David Byrne
Music from The Knee Plays
Garnett Brown trombone
Ray Brown trumpet
David Byrne vocals
Pete Christlieb saxophone
Rich Cooper trumpet
Ernie Fields baritone saxophone
Chuck Findley trumpet
Bill Green baritone saxophone
Bobbye Hall percussion
Dana Hughes trombone
Paul Humphrey drums
Jackie Keslo saxophone
Harry Kim trumpet
Don Myrick saxophone
Nolan Smith trumpet
David Stout trombone
Phil Teil trombone
Ernie Watts saxophone
Fred Wesley trombone
David Blumberg conductor
Recorded:
One On One Studio, North Hollywood, April 4, 1984
Engineer: Mark Wolfson
Studio Sound Recorders, North Hollywood, April 5 & 6, 1984
Engineer: Joel Moss
Mixed at RPM Studio, December 8-17, 1984
Originally Mastered at Sterling Sound, NY
Produced by David Byrne
A tree is best measured when it is down.
This 1985 release, a rare one for ECM, comes from the fertile mind of Talking Heads frontman David Byrne. Originally intended as incidental music for Robert Wilson’s grand opera The CIVIL warS, to be played while actors and crew prepared set between acts, these brass-heavy arrangements of traditional tunes, folded into a rich batter of original compositions and spoken word, take their inspiration from the Dirty Dozen Brass Band of New Orleans and have since come to constitute a standalone work in their own right.

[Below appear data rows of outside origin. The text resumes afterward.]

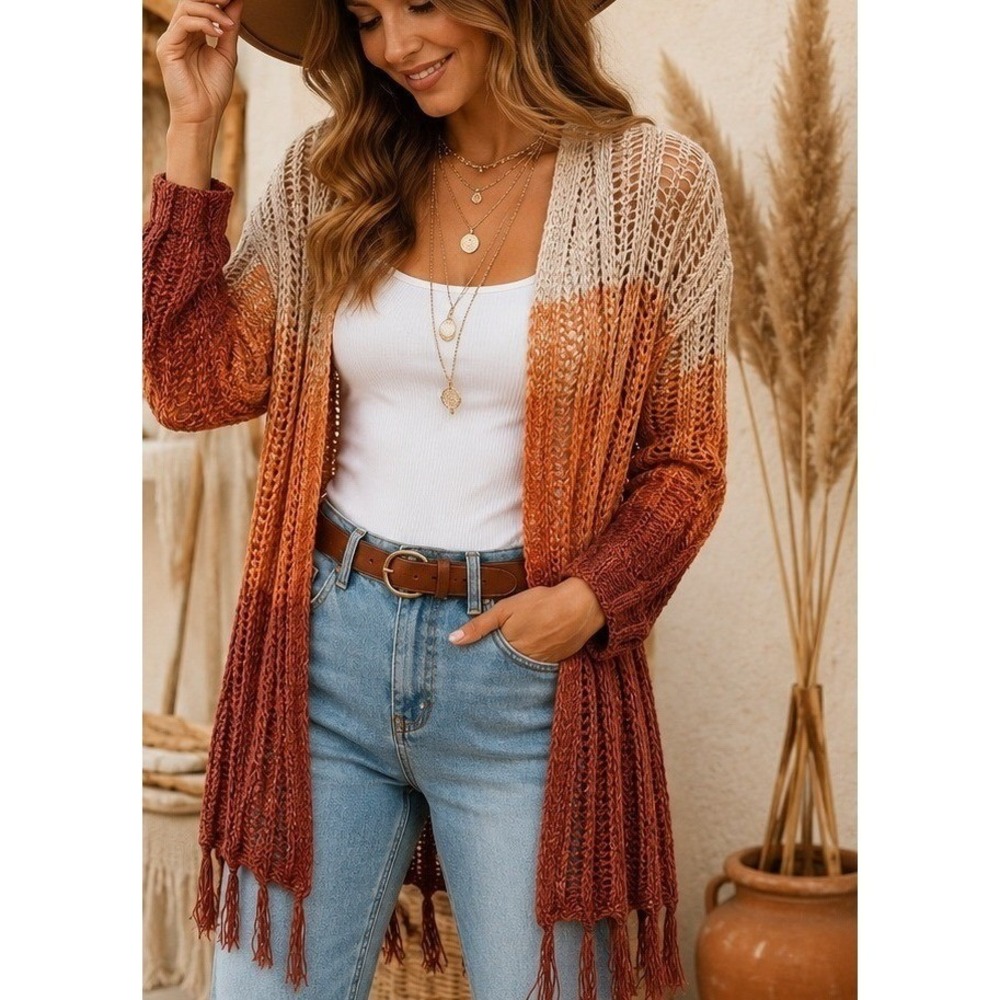 Maurices Ombre Open Knit Fringe Cardigan Beach Coverup Sunset Sweater Size M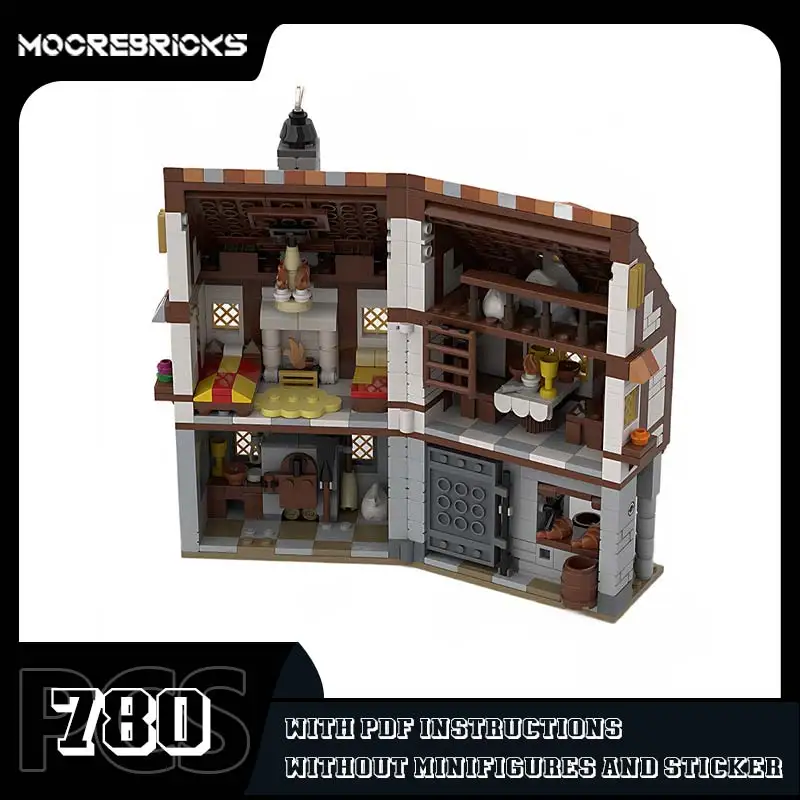 Creative Expert Medieval Bakery Model Advanced Bricks MOC-169454 Scene Architecture Building Blocks Children's Puzzle Gift
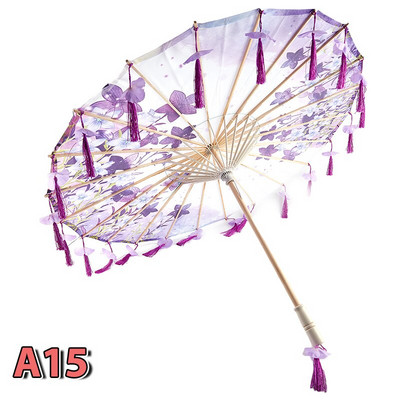 82 cm hodvábny látkový dámsky dáždnik s japonskými čerešňovými kvetmi a strapcami, dáždnik s lupeňmi v čínskom štýle, olejový papierový dáždnik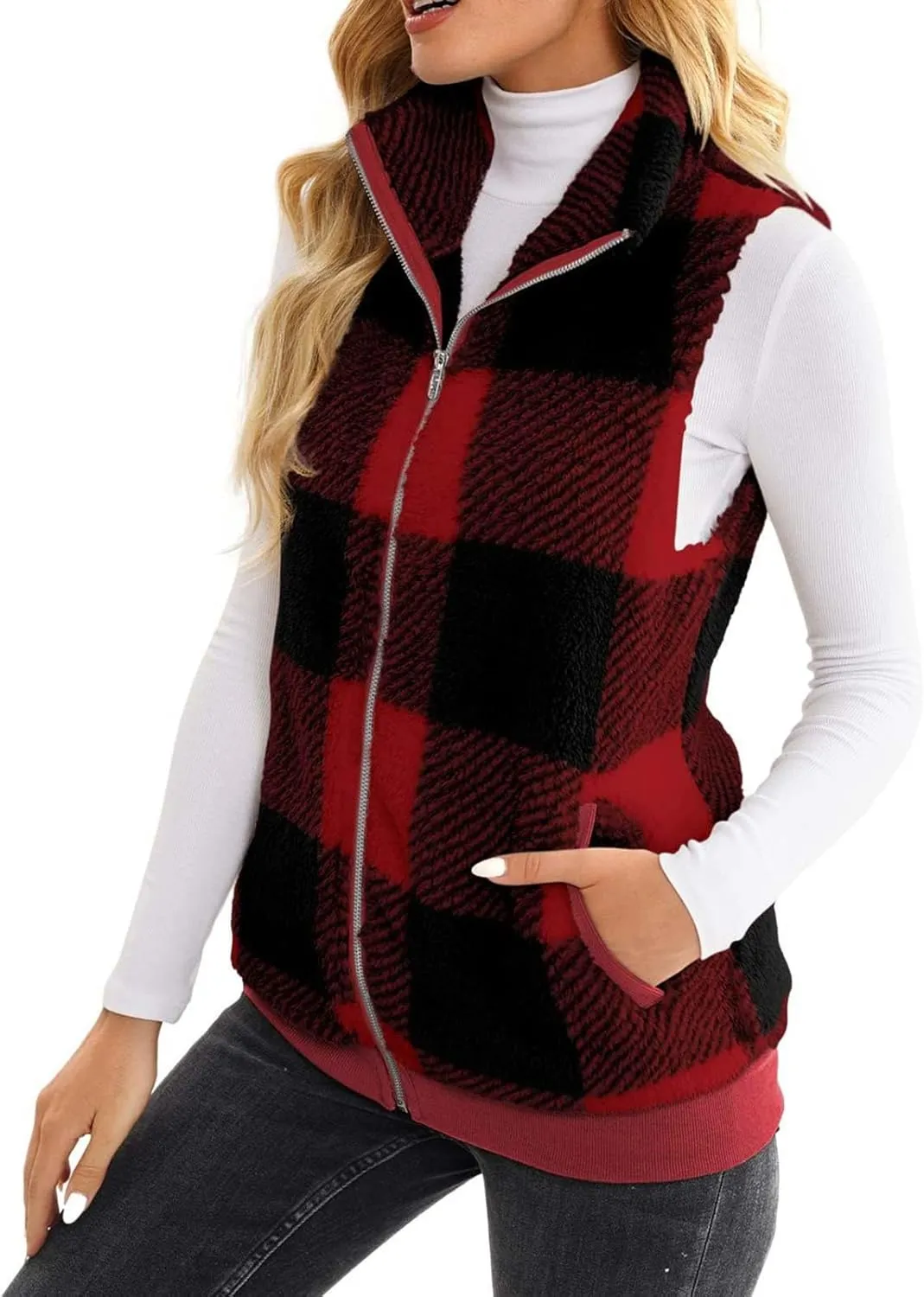 Womens Fashion Plaid Fleece Vest Casual Fuzzy Sleeveless Fuzzy Sherpa Vest Fluffy Zipper Jacket Warm Outerwear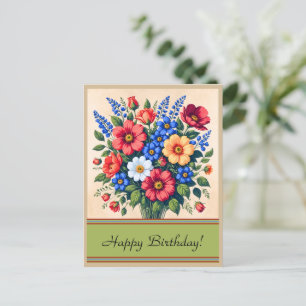 Bouquet de fleurs des années 40   Carte postale d'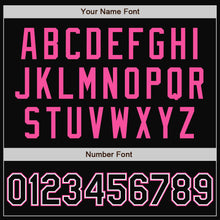 Load image into Gallery viewer, Custom Black Pink Pinstripe Black-White Bomber Full-Snap Varsity Letterman Jacket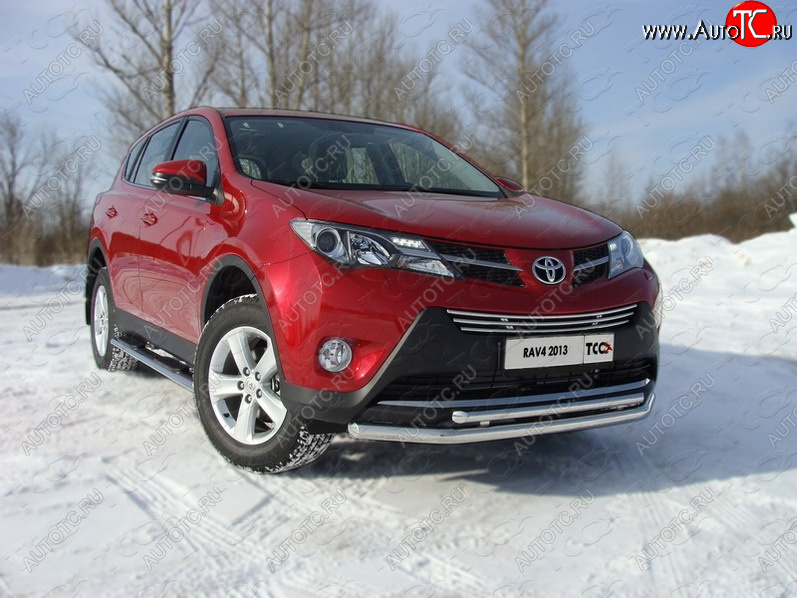 22 599 р. Защита переднего бампера нижняя d60,3*42,4 мм ТСС Тюнинг Toyota RAV4 XA40 5 дв. дорестайлинг (2012-2015) (нержавейка)  с доставкой в г. Тамбов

“Tree (Today Is An Important Occasion)” sets the tone for a journey of horns and voice that is as even-tempered as it is dramatically sincere. This postmodern dirge for the otherwise voiceless intersections of body and materials that govern our lives is perhaps even more relevant now than when it was written. Colors and fashion, each linked to specific emotions and personality traits, roll through the mind like an art gallery disassembled and thrown. As possibilities of self-expression are donned and discarded like replaceable skins, we are left to determine our own subjectivity in the onslaught of objective pretense we call our daily lives. The mélange effect of worlds colliding is dazzling in the moment yet darkly tinged in the remembering.
“The Sound Of Business” is a detailed assessment of our work-obsessed culture. Its uncanny chain of images contrasts the bustle of everyday life with the slow-motion fantasies struggling for air beneath its surface. “Social Studies” pulls away another mask to reveal the colonial scaffolding of well-to-do urbanites. Through deconstruction of knowledge-seeking privilege and the impulse to study that which does not belong to us, it puts our desire to live vicariously under a sonic microscope.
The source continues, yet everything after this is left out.